Had verweerder aanleiding moeten zien om een lichter middel toe te passen?
7. De rechtbank stelt ten eerste vast dat eiser de rechtmatigheid van de zware en lichte gronden die ten grondslag zijn gelegd aan het opleggen van de maatregel van bewaring niet heeft bestreden. Eiser voert slechts aan dat verweerder aanleiding had moeten zien om een lichter middel, zoals een meldplicht, op te leggen, omdat eiser hier familieleden heeft wonen.
7.1
De rechtbank is van oordeel dat eisers grond dat verweerder had moeten volstaan met een lichter middel, niet slaagt.
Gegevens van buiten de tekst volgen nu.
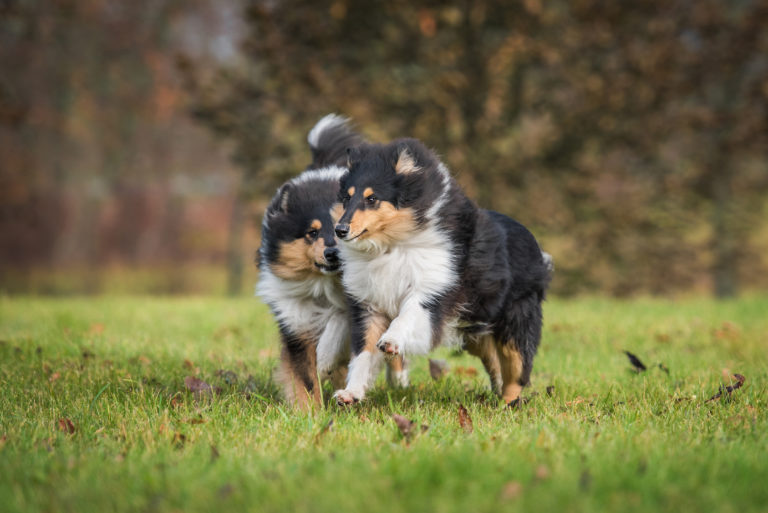 Collie de pelo largo (rough collie)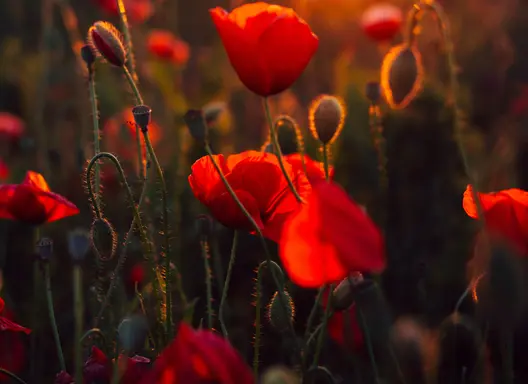 Closeup of red poppies in field with faded background of sunset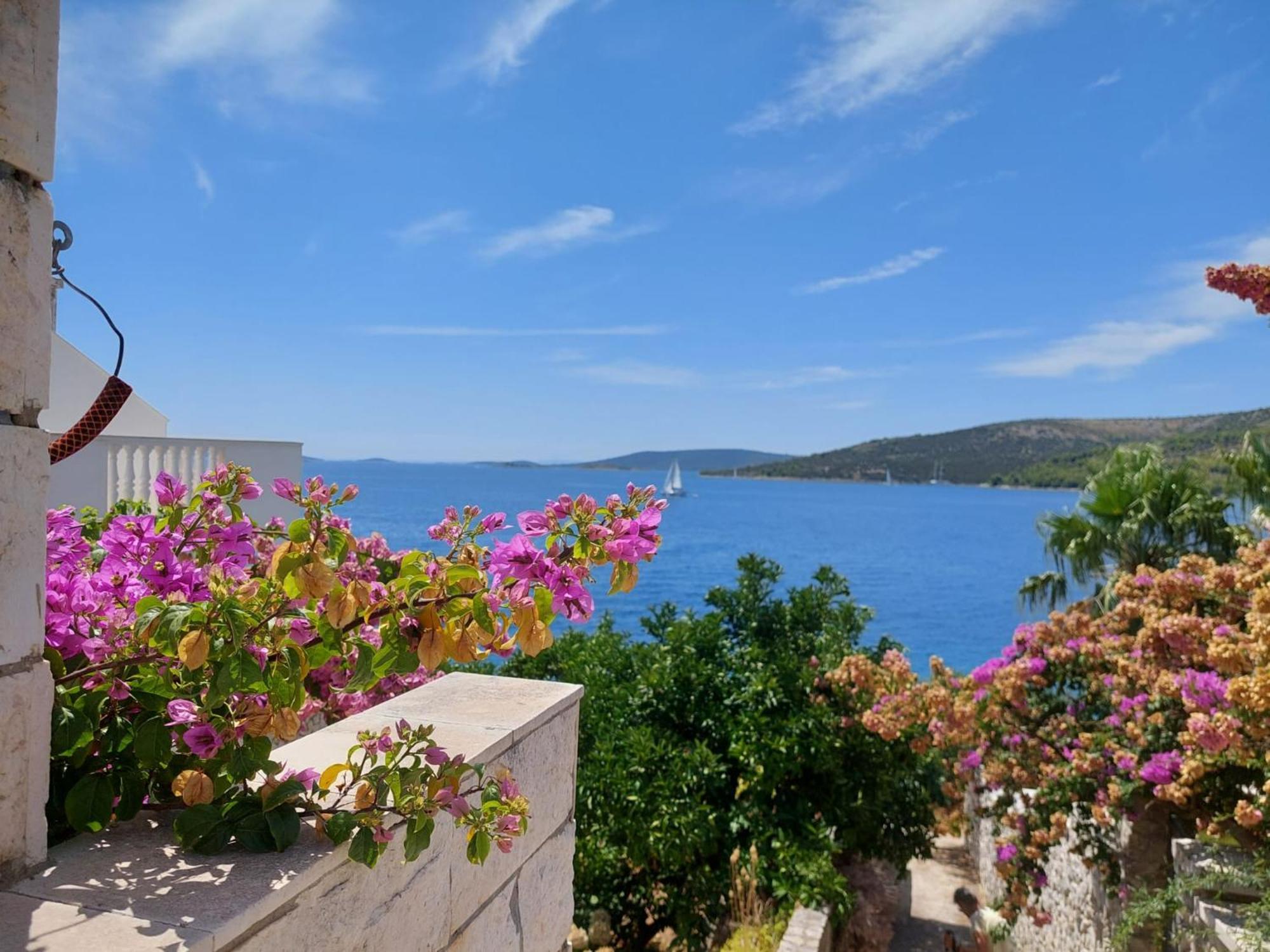 Villa Apartments Oliva Seget Vranjica Exteriér fotografie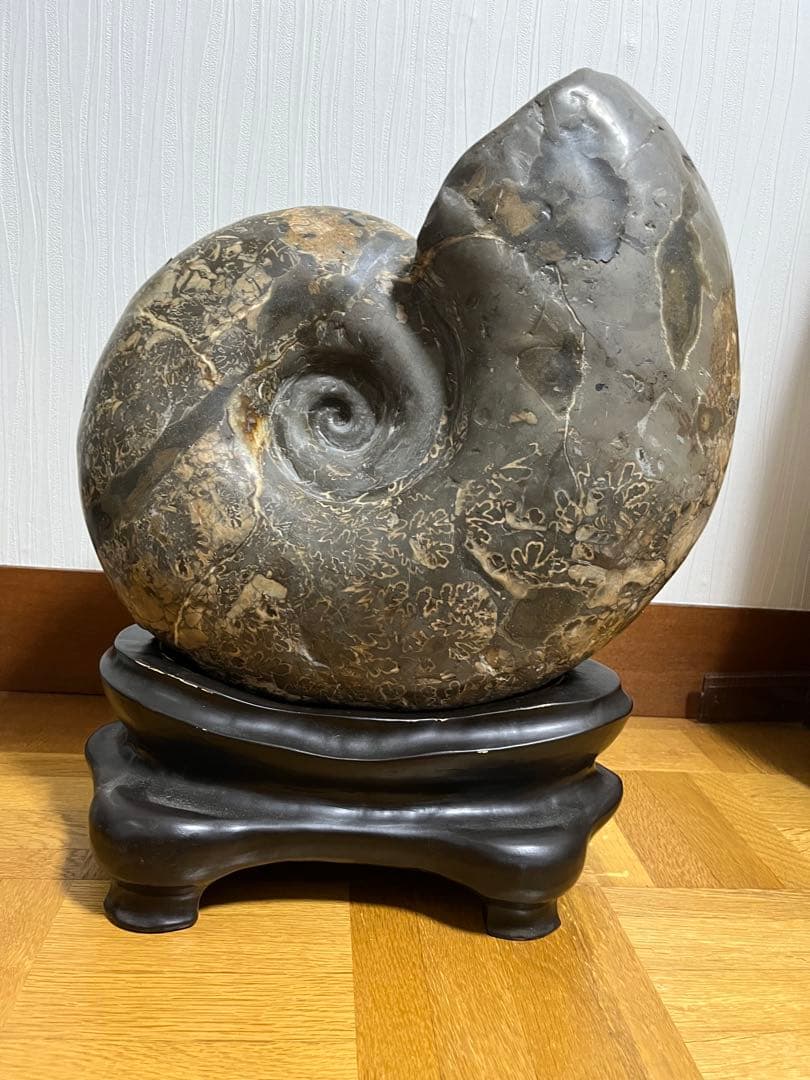 巨大　アンモナイト　化石　北海道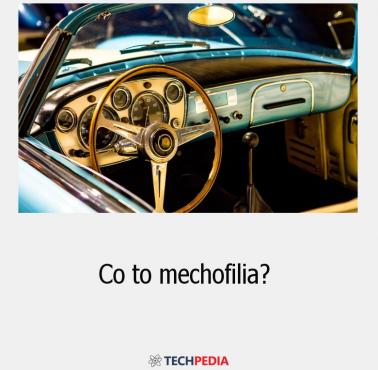 Co to mechofilia?
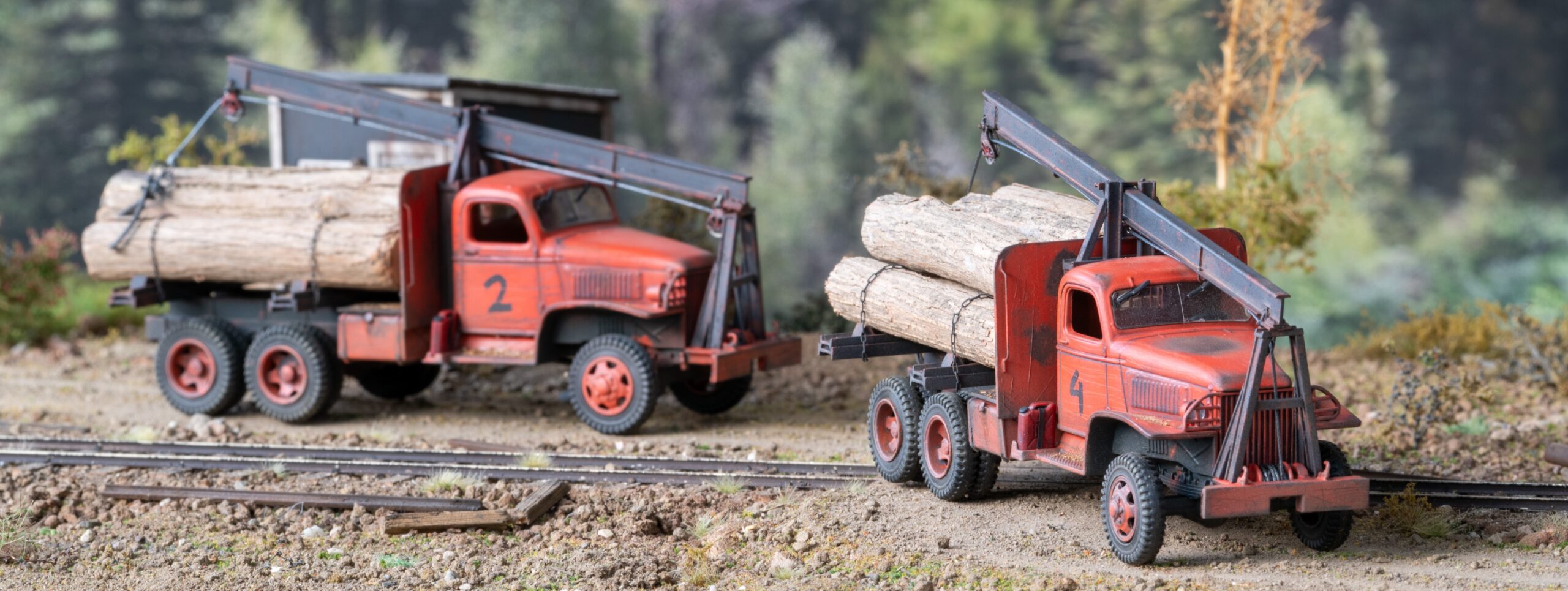 DSC_9990-lr s - Copy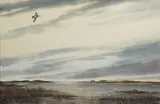 David Hagerbaumer, American widgeon, watercolor on paper
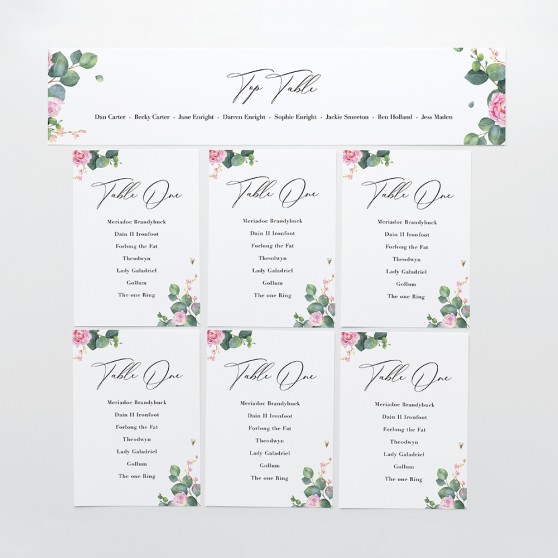 'Eucalyptus Blush' Table Plan Card Sample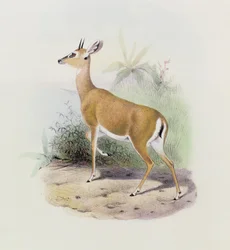 Antílope, de 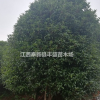 江西八月桂價格/八月桂*新報價/奉新八月桂基地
De rechtbank volgt verweerder in het standpunt dat reeds uit de aan eiser tegengeworpen zware en lichte gronden blijkt dat er een risico is dat eiser zich aan het toezicht zal onttrekken en de voorbereiding van het vertrek of uitzettingsprocedure ontwijkt of belemmert. Daar komt bij dat de rechtbank verweerder volgt in het standpunt dat uit het aan eiser eerder opgelegde terugkeerbesluit en het feit dat eiser weigert medewerking te verlenen aan zijn laissez-passer aanvraag blijkt dat eiser zijn uitzettingsprocedure ontwijkt of belemmert [3] . Eiser heeft op 22 augustus 2023 geweigerd medewerking te verlenen aan de afname van zijn vingerafdrukken die noodzakelijk zijn om een laissez-passer aanvraag te verzenden [4] . Naar het oordeel van de rechtbank heeft verweerder gelet op het voorgaande voldoende gemotiveerd waarom er geen aanleiding waarom geen aanleiding bestond om een lichter middel toe te passen. De beroepsgrond slaagt niet.
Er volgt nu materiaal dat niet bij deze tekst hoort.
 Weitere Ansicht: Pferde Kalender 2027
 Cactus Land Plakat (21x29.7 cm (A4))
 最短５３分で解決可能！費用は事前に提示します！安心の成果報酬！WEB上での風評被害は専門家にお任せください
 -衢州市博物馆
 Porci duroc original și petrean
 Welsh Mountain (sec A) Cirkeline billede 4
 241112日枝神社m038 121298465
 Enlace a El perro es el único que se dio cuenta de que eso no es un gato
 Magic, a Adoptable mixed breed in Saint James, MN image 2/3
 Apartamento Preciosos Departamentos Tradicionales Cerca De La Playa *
Is de maatregel van bewaring om een andere reden onrechtmatig?
8. Ook verder is de rechtbank ambtshalve niet gebleken dat de maatregel van bewaring onrechtmatig aan eiser is opgelegd.
Wat is de conclusie?
9. Het beroep is ongegrond. Daarom wordt ook het verzoek om schadevergoeding afgewezen.
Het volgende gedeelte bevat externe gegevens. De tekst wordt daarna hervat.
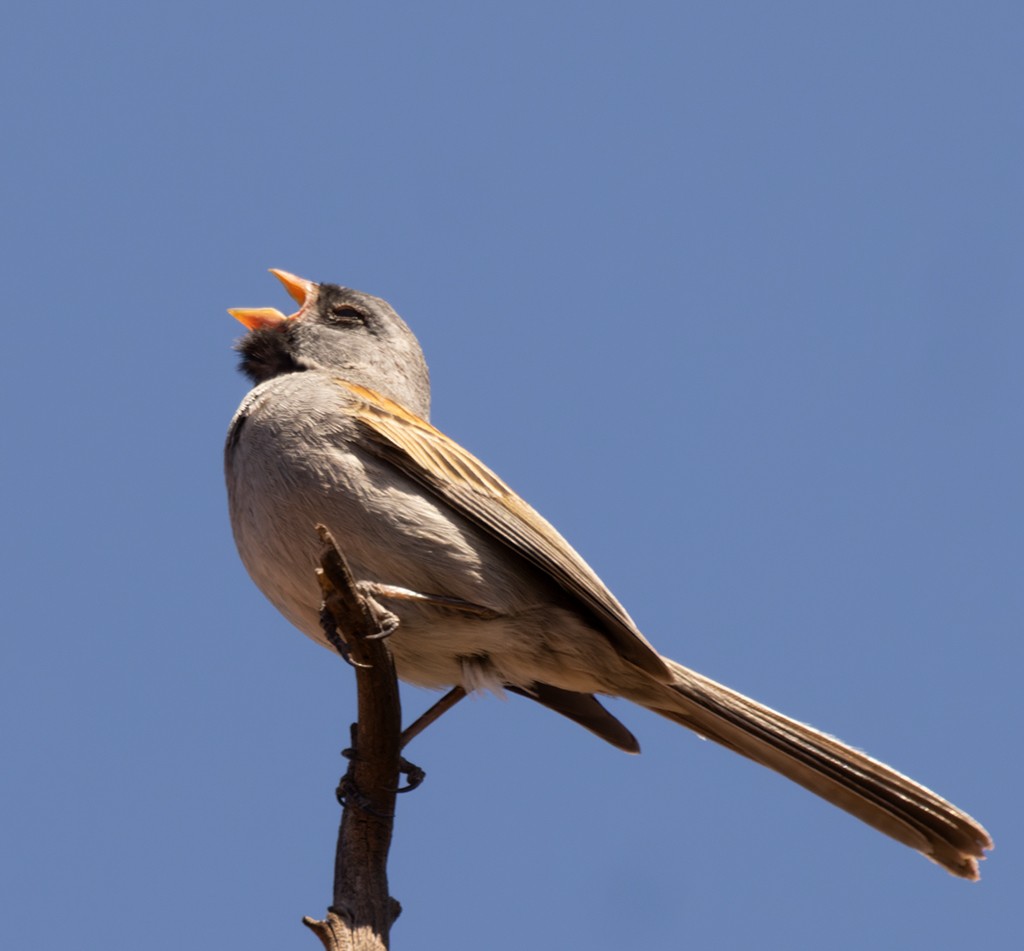 Black-chinned Sparrow - manuel grosselet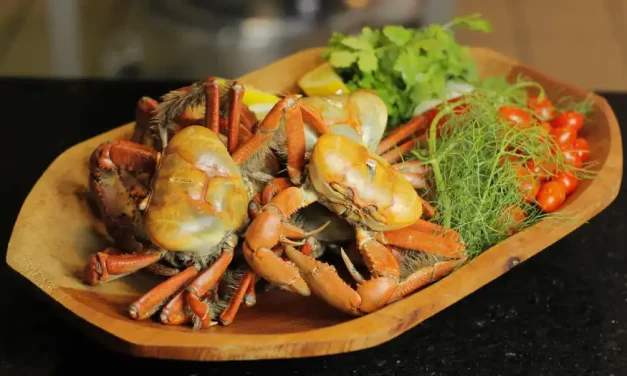 Festival do Pescado e Frutos do Mar Ceagesp – Edição Verão 2023 começa nessa sexta em SP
10. De rechtbank veroordeelt verweerder in de door eiser gemaakte proceskosten wegens het onder het 6.1 geconstateerde gebrek. Deze kosten stelt de rechtbank op grond van het Besluit proceskosten bestuursrecht voor de door een derde beroepsmatig verleende rechtsbijstand vast op € 1.674,- (1 punt voor het indienen van het beroepschrift en 1 punt voor het verschijnen ter zitting met een waarde per punt van € 837,- en een wegingsfactor 1). Omdat aan eiser een toevoeging is verleend, moet verweerder de proceskostenvergoeding betalen aan de rechtsbijstandverlener.

Beslissing

De rechtbank:
- verklaart het beroep ongegrond;
- wijst het verzoek om schadevergoeding af;
- veroordeelt verweerder in de proceskosten van eiser tot een bedrag van € 1.674,-.
Deze uitspraak is gedaan door mr. E.I. Terborg-Wijnaldum, rechter, in aanwezigheid van mr. N.F. van der Gouw, griffier.
De uitspraak is uitgesproken in het openbaar en bekendgemaakt op:
Rechtsmiddel
Tegen deze uitspraak kan hoger beroep worden ingesteld bij de Afdeling bestuursrechtspraak van de Raad van State binnen één week na de dag van bekendmaking.

Voetnoten

2.Zie pagina’s 1, 2 en 3 van het proces-verbaal van gehoor bij bewaring van 14 augustus 2023.
3.Zie pagina 3 van het proces-verbaal van verhoor van 11 augustus 2023.
4.Zie de door verweerder geüploade brief van 28 augustus 2023.